Wrong, or so the Florida Supreme Court has just told us. In ruling in Al Gore's favor on Friday, the Florida Supreme Court has announced that Florida's election code makes a bare majority of the Florida Supreme Court the most authoritative election officers in the state. All of a sudden, Florida's election code is entirely unreasonable and quite remarkable. That's a fairly good sign that the court got it wrong.

Let us be clear about what the court has done. It has ordered a statewide manual recount of all "undervotes" not previously manually recounted, simply because the election was close. No election officer broke the law. No election officer abused his discretion. Al Gore showed that there were 9,000 "undervotes" that had not been manually recounted, and that he trails by only a few hundred votes. This, we are told, proves that election officials rejected "a number of legal votes sufficient to place in doubt the result of the election."

It's not as if these 9,000 ballots had been ignored. They were counted twice by machine and, having failed to register a vote, were treated by the canvassing board as not containing a vote for president. The court not only fails to respect this determination by duly authorized election officials, it effectively presumes it was wrong.

But the reader should rest assured that the court is not simply substituting its judgment for that of state election officials. Indeed, it turns out that the court thinks that state election officials can authoritatively determine whether ballots contain a vote for president. They just have to make that determination in the way the court (and Al Gore) want them to: by manual recount. The court simply gave Al Gore the vote gains from the too-late Palm Beach manual recount (215) and from the Dade partial manual recount (168).

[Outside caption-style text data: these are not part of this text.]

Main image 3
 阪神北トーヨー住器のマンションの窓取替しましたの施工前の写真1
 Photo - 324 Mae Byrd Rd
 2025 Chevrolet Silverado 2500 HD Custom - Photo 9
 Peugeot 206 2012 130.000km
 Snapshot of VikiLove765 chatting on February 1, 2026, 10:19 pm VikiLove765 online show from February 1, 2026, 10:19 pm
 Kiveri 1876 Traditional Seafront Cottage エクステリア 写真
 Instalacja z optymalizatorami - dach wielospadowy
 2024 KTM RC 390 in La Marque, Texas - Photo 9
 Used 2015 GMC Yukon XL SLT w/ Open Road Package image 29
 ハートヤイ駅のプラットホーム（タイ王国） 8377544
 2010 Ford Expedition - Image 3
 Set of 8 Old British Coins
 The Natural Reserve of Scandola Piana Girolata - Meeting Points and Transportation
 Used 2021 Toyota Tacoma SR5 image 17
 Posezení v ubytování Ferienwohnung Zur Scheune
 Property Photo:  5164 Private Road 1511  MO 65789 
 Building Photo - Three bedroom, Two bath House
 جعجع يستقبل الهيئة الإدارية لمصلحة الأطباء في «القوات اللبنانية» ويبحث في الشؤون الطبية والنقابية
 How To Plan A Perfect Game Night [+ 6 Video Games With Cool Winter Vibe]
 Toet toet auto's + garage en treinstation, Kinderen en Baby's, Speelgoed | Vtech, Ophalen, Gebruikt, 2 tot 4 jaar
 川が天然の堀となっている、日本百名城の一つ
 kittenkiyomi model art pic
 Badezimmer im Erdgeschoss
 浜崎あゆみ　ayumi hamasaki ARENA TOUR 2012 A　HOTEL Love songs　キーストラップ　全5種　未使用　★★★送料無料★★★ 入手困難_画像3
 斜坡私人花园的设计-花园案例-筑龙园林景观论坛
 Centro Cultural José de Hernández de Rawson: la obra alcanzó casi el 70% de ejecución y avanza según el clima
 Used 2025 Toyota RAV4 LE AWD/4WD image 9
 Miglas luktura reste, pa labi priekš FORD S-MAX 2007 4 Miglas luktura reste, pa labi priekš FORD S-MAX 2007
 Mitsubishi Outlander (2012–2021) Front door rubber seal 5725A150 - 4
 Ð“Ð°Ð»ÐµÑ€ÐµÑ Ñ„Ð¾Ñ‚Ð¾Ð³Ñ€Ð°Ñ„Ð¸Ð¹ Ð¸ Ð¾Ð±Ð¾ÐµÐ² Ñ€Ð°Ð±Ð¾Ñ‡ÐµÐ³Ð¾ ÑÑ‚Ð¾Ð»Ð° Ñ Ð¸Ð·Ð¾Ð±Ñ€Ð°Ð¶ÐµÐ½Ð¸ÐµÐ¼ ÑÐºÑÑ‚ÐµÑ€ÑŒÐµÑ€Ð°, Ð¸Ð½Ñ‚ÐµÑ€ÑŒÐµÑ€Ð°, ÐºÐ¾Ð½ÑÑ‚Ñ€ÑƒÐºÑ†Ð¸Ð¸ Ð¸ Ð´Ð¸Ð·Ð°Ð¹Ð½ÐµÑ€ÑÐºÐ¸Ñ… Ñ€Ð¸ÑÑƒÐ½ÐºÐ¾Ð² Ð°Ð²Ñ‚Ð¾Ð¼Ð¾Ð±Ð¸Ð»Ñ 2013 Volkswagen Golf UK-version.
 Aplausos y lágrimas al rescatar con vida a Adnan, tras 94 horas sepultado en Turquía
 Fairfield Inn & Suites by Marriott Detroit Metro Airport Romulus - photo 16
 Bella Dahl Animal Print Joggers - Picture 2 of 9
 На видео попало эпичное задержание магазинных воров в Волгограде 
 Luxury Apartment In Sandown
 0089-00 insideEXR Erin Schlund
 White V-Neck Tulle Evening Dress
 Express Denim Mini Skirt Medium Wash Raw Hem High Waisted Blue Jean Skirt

If anyone thought we were getting a statewide review of ballots under a reasonable and uniform standard, consider that Broward County's infamous dimple-crazy manual recount gets to stand, under this court's order, without court review. Counting by hand, then, is both necessary and entirely sufficient (no matter the standard employed) for preferential treatment under this court's rule.

The court's opinion rests solely on the view that the Florida legislature has expressed a preference for manual recounts. That is demonstrably false. First, it seems like ages ago, but we can all remember back to November 8, when we learned that Florida law provides for a mandatory recount when the first count shows a margin of victory of less than 0.5 percent. That recount, however, is by machine. Florida law expressly provides for a manual recount only in the protest provision. And in that statute, a county canvassing board is never required to do a manual recount. The only place the Florida Supreme Court can find a preference for manual recounts is in its own (and Al Gore's) head.

The court's naked preference for manual recounts has led it to do precisely what the Dade County canvassing board decided not to do: manually recount its ballots. The court emphasizes that the contest provision, which it reads to authorize its recount, is distinct from the protest provision, which permits the county canvassing board to manually recount. That's true, but it reveals a stunning sense of judicial imperialism: It is the court that has the final say not just on the lawfulness of how votes were counted (a traditionally judicial function), but also on the manner in which votes are to be counted (a traditionally political function).